La falta de vigilancia también ha permitido la realización de actividades irregulares. Durante el recorrido, la lente de El Despertador documentó a personas extrayendo caracol en las inmediaciones del muelle, una práctica sujeta a restricciones y regulaciones destinadas a proteger las poblaciones de esta especie en el Caribe mexicano.
La combinación de una infraestructura deteriorada, acceso constante de particulares y ausencia de control efectivo incrementa el riesgo de que ocurra un accidente. El socavón existente, las condiciones estructurales comprometidas y el deterioro visible en diversas áreas convierten al sitio en un potencial punto de peligro para quienes continúan ingresando.
Más allá de la seguridad, el abandono del muelle representa una afectación directa a una plataforma estratégica para la investigación científica nacional. En una región donde fenómenos como el sargazo, el deterioro arrecifal, la sobreexplotación de recursos marinos y los efectos del cambio climático demandan cada vez más información científica, una de las principales infraestructuras destinadas al estudio de estos procesos permanece limitada por la falta de recursos.

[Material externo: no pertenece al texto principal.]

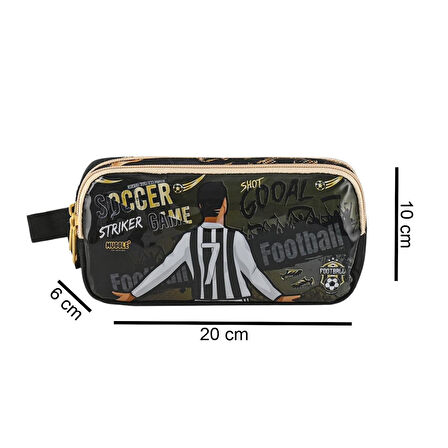 Muggle Soccer Game Koleksiyonu Kalemlik Siyah (MU-9142)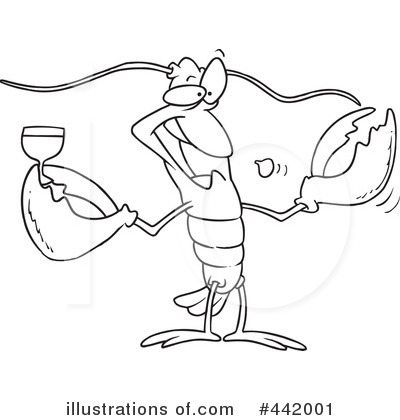 Lobster Clipart #442001 by toonaday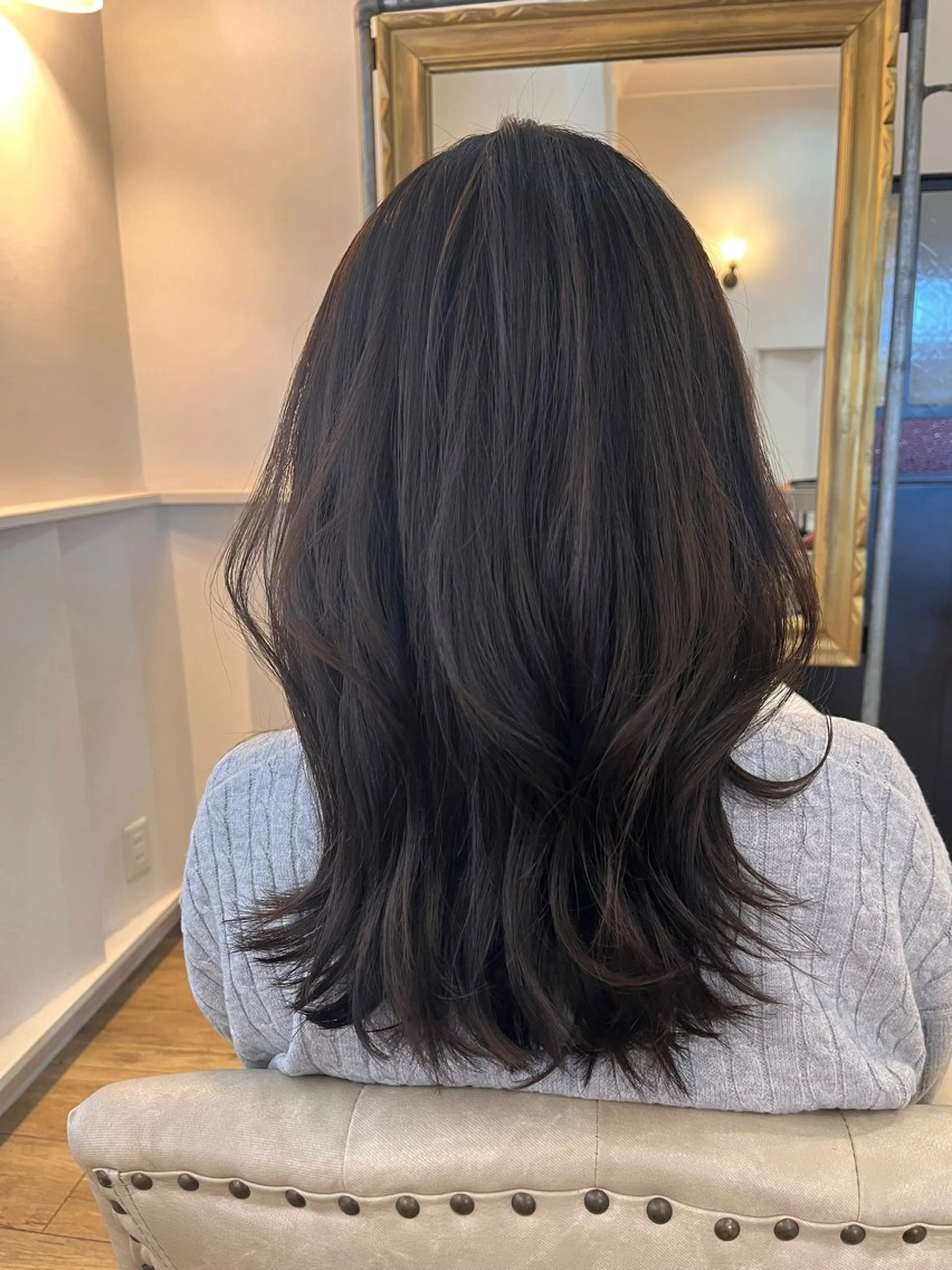 ロング 上坪 あずさのヘアスタイル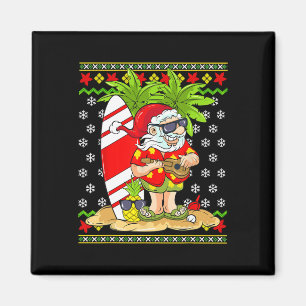 Íman Natal havaiano em julho Mele Kalikimaka Papai Noel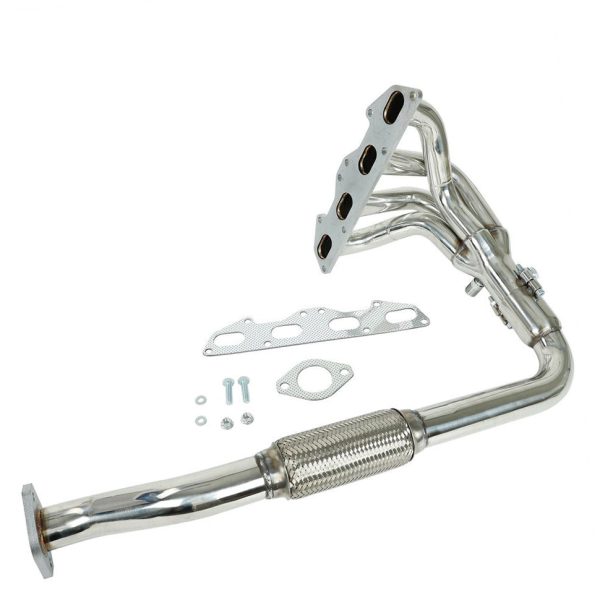 Stainless Exhaust Header For Mitsubishi Eclipse 2.0 95-99 1995-1999 2.0L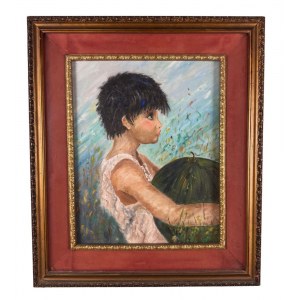 UNIDENTIFIED SIGNATURE, Portrait of a Young Person with Watermelon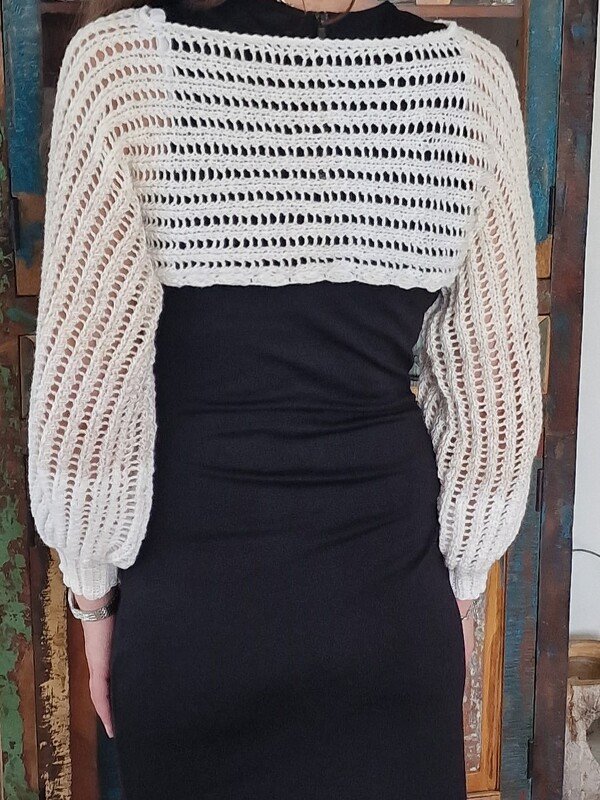 Strickanleitung für den Crop - Pulli "Melanie" - Bild 4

La paradoja resulta evidente: mientras investigadores generan conocimiento para comprender y proteger los ecosistemas marinos del Caribe mexicano, una de las instalaciones más importantes para ese trabajo continúa deteriorándose sin que los proyectos de rehabilitación logren acceder al presupuesto necesario para devolverle su funcionalidad.
Seis años después de quedar fuera de operación, el muelle del Instituto de Ciencias del Mar y Limnología de la UNAM en Puerto Morelos se mantiene como un símbolo del rezago en la infraestructura científica del país: una instalación fundamental para la investigación marina, cerrada por riesgo de colapso, pero utilizada diariamente por particulares en medio del abandono, la falta de vigilancia y la incertidumbre sobre su futuro.